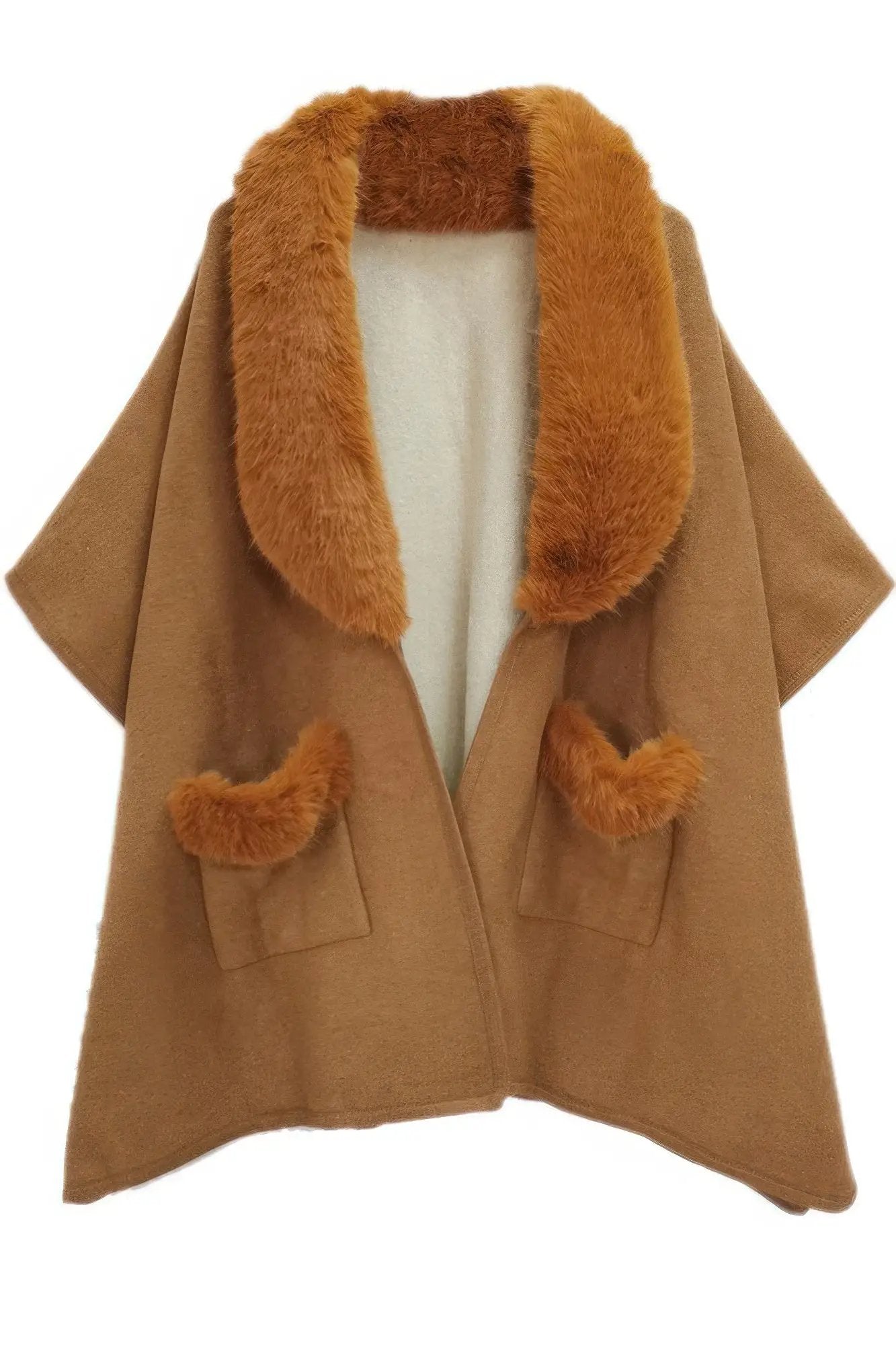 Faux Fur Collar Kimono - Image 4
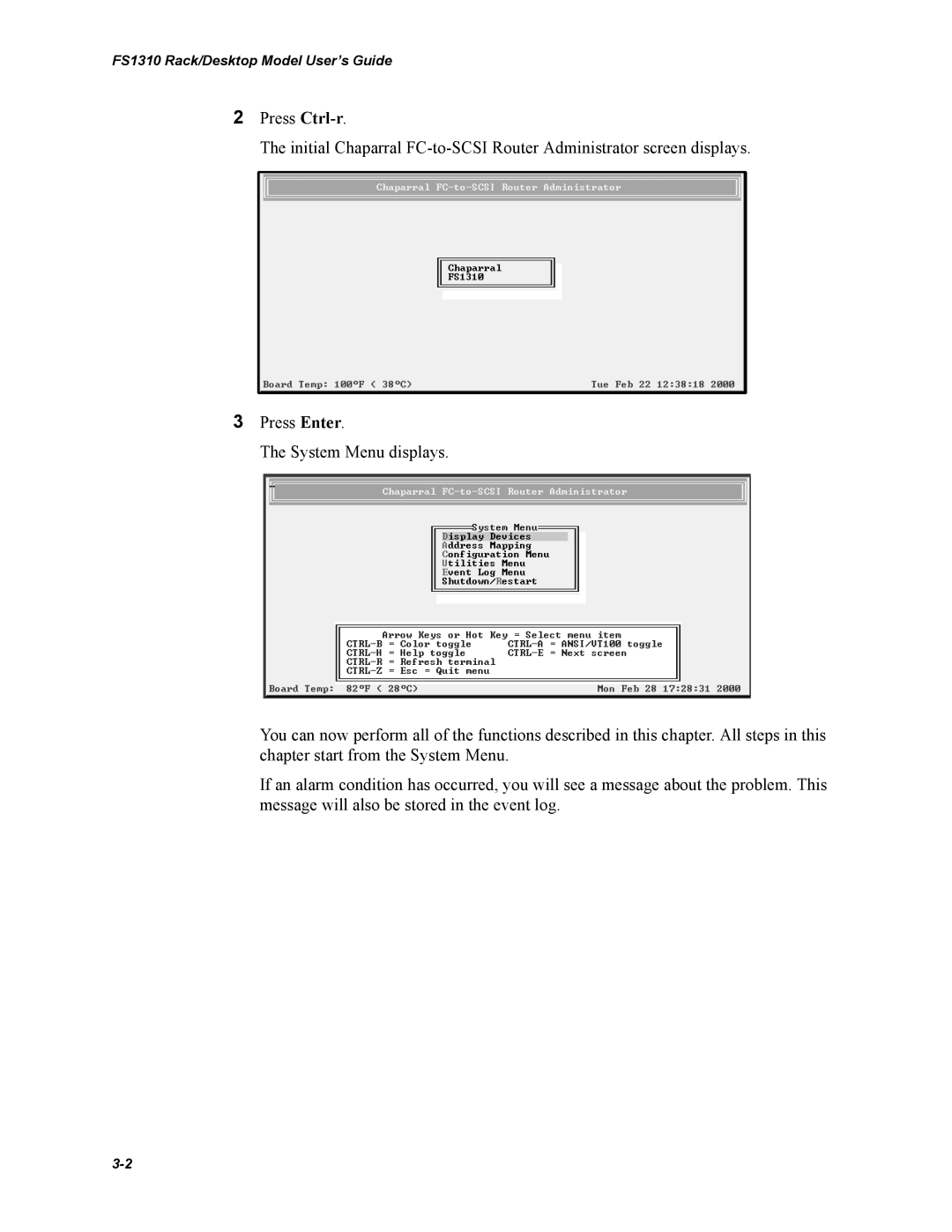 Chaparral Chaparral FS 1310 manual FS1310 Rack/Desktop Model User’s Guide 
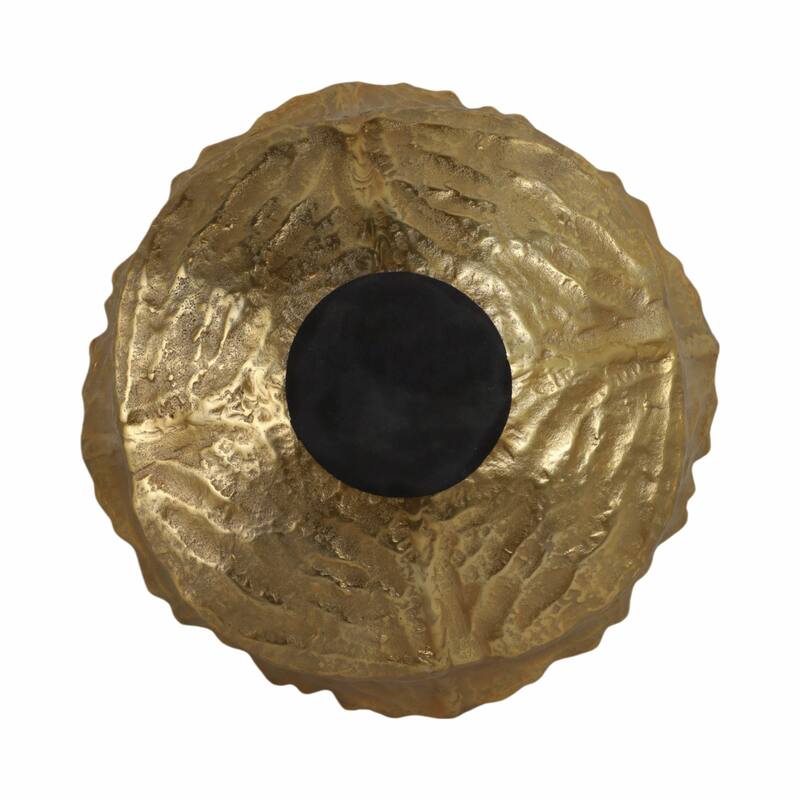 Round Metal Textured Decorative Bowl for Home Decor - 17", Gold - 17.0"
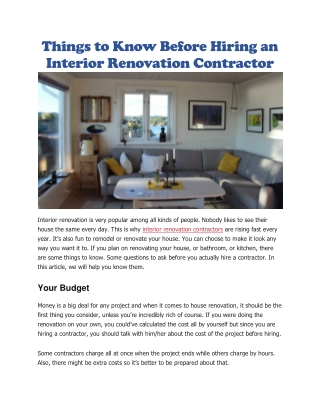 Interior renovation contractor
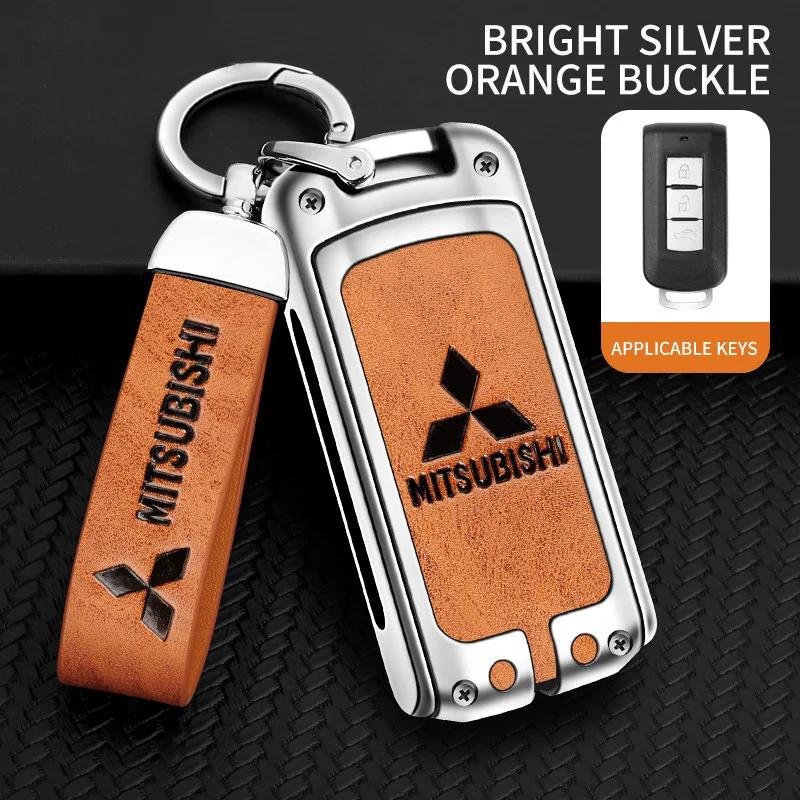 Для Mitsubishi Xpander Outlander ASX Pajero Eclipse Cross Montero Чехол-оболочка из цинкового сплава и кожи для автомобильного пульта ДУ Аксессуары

◆ ◆ ◆ ◆ ◆ ◆ ◆

## [Task prompt]
The needed output is the lines from the one with "Round Metal Textured" through the end of the listing, written out exactly, both ends included, pictures excluded.

## [Output of the exercise]
 Round Metal Textured Decorative Bowl for Home Decor - 17", Gold - 17.0"
 Interior renovation contractor
 Для Mitsubishi Xpander Outlander ASX Pajero Eclipse Cross Montero Чехол-оболочка из цинкового сплава и кожи для автомобильного пульта ДУ Аксессуары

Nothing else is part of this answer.